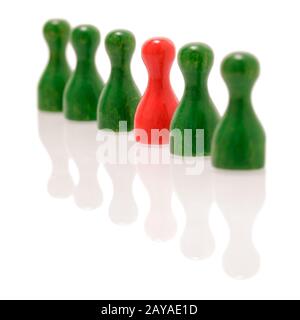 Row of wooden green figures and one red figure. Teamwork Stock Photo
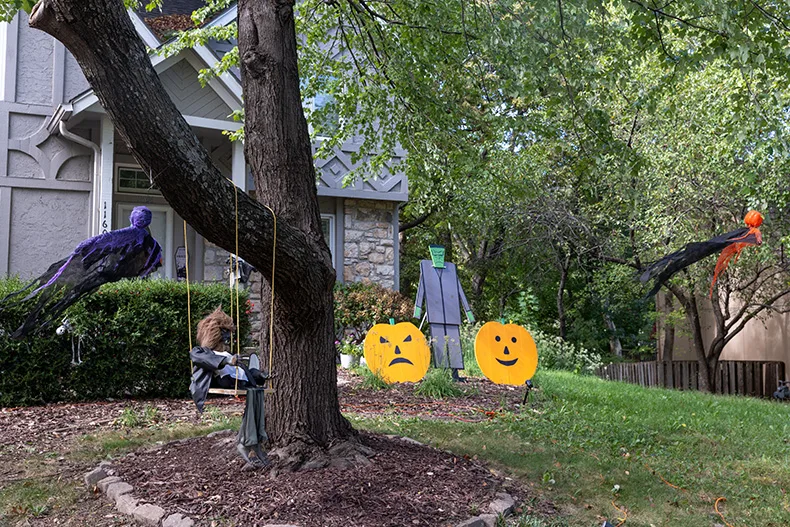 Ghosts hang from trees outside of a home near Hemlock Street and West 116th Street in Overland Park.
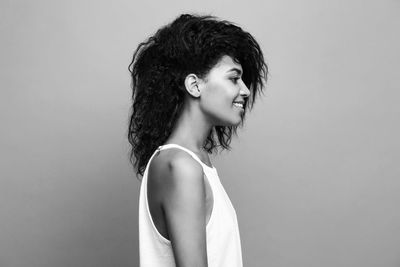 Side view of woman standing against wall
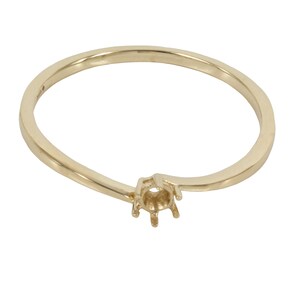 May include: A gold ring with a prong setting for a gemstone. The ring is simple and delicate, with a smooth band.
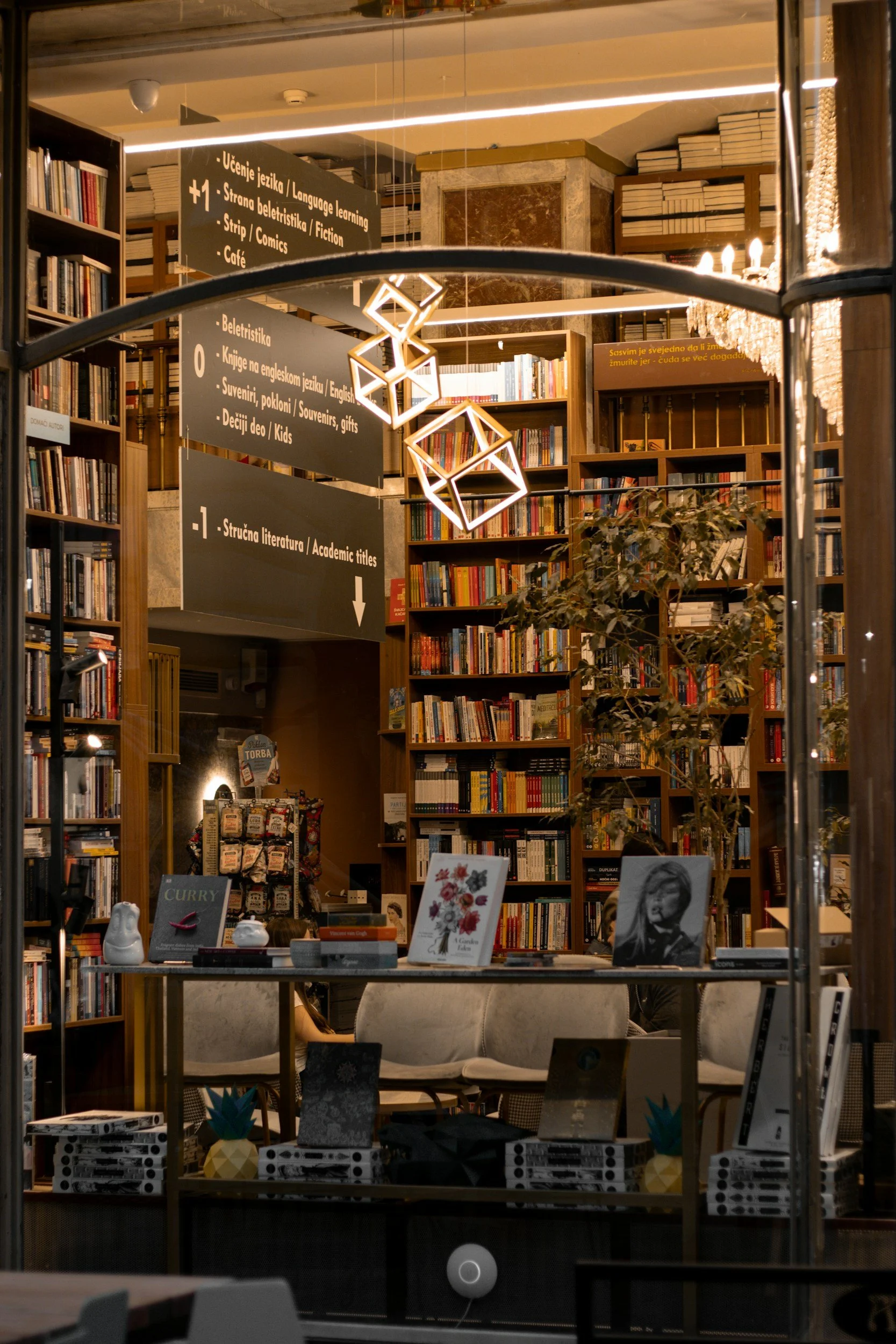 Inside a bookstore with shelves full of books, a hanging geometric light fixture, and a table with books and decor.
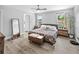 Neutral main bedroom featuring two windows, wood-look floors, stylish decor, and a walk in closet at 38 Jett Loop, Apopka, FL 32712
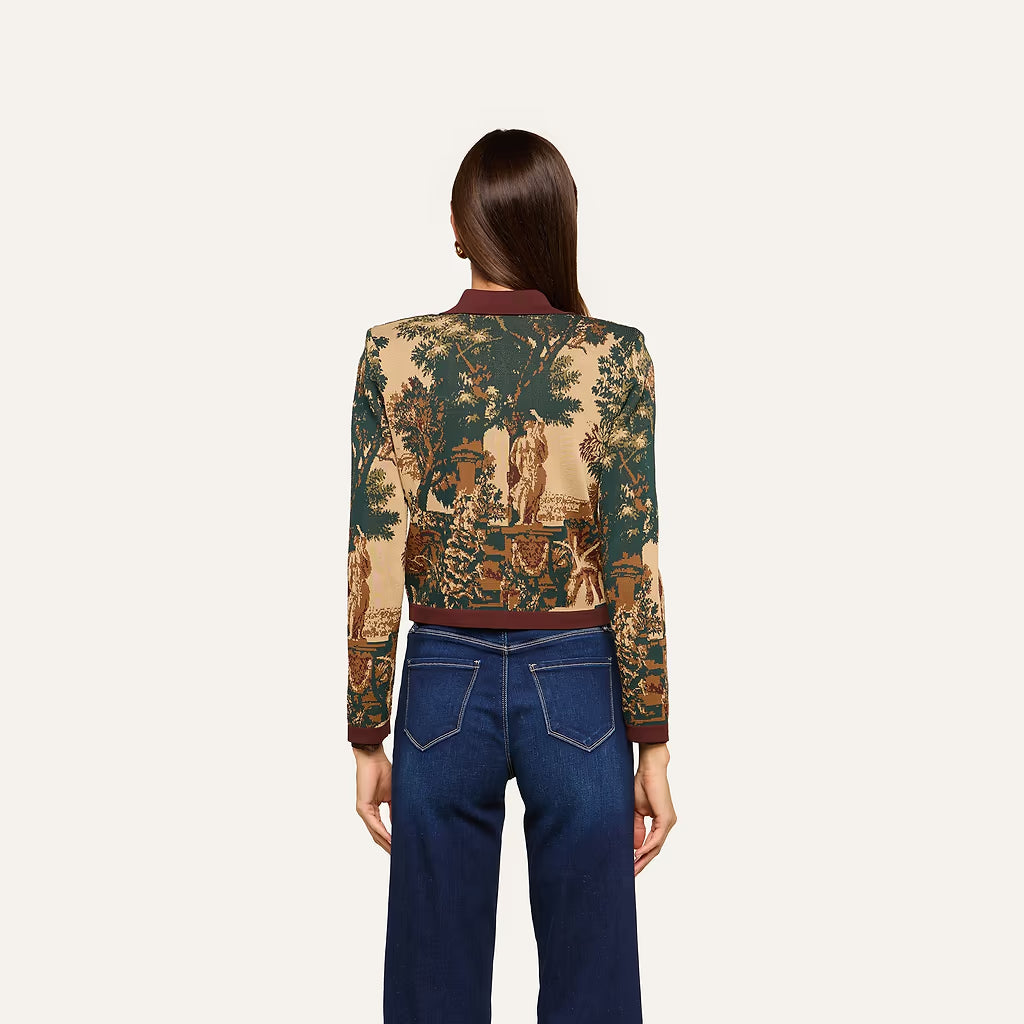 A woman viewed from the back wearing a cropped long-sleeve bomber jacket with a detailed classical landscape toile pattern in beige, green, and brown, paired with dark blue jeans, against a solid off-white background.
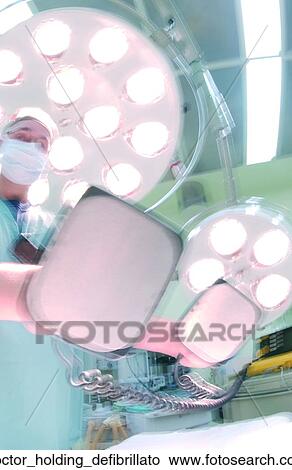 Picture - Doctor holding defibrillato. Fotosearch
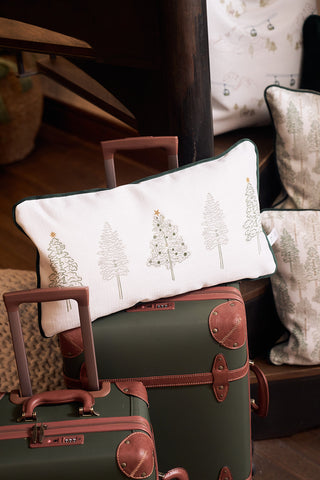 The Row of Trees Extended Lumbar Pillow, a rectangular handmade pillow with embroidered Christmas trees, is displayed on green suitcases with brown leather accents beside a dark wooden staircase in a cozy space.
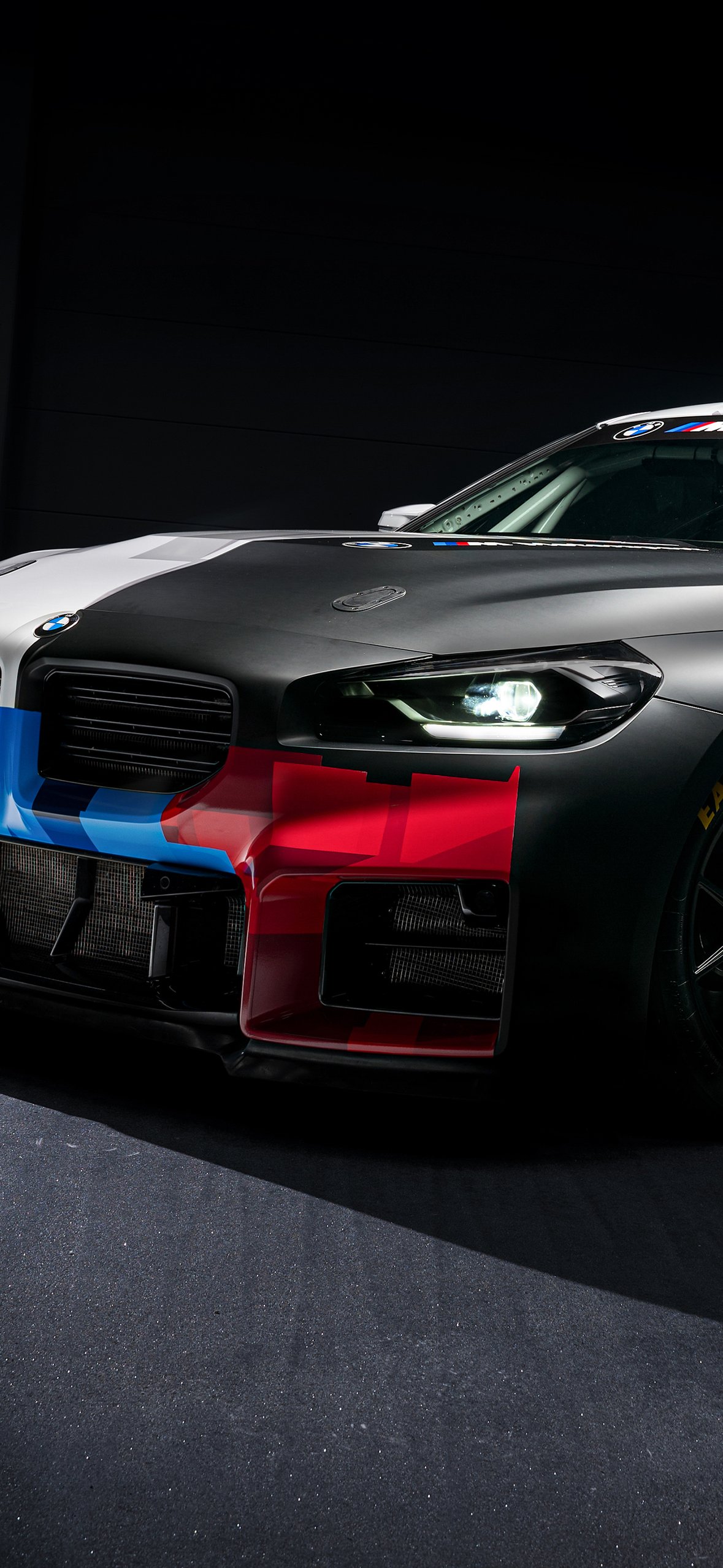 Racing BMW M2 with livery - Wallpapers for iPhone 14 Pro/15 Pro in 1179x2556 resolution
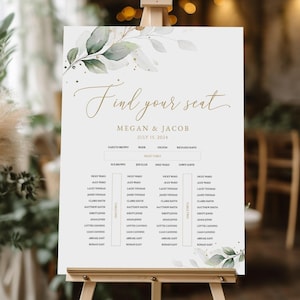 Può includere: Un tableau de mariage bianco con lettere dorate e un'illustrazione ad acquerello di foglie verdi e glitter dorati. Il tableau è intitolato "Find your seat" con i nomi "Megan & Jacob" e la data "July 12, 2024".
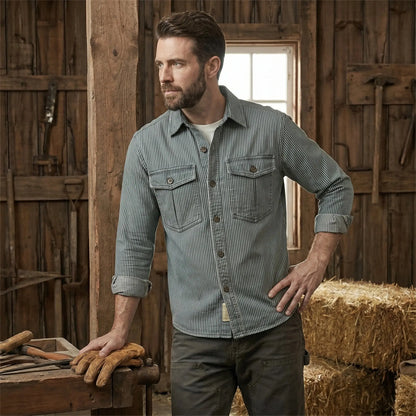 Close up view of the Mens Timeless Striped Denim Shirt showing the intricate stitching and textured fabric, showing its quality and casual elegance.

REQUIRED ACTION → Reproduce exactly, and only, the lines from the one with "Picture - Doctor" to the final line of the listing above; the pictures are to be left out.

TASK ANSWER →
 Picture - Doctor holding defibrillato. Fotosearch
 The Row of Trees Extended Lumbar Pillow, a rectangular handmade pillow with embroidered Christmas trees, is displayed on green suitcases with brown leather accents beside a dark wooden staircase in a cozy space.
 Racing BMW M2 with livery - Wallpapers for iPhone 14 Pro/15 Pro in 1179x2556 resolution
 Può includere: Un tableau de mariage bianco con lettere dorate e un'illustrazione ad acquerello di foglie verdi e glitter dorati. Il tableau è intitolato "Find your seat" con i nomi "Megan & Jacob" e la data "July 12, 2024".
 Close up view of the Mens Timeless Striped Denim Shirt showing the intricate stitching and textured fabric, showing its quality and casual elegance.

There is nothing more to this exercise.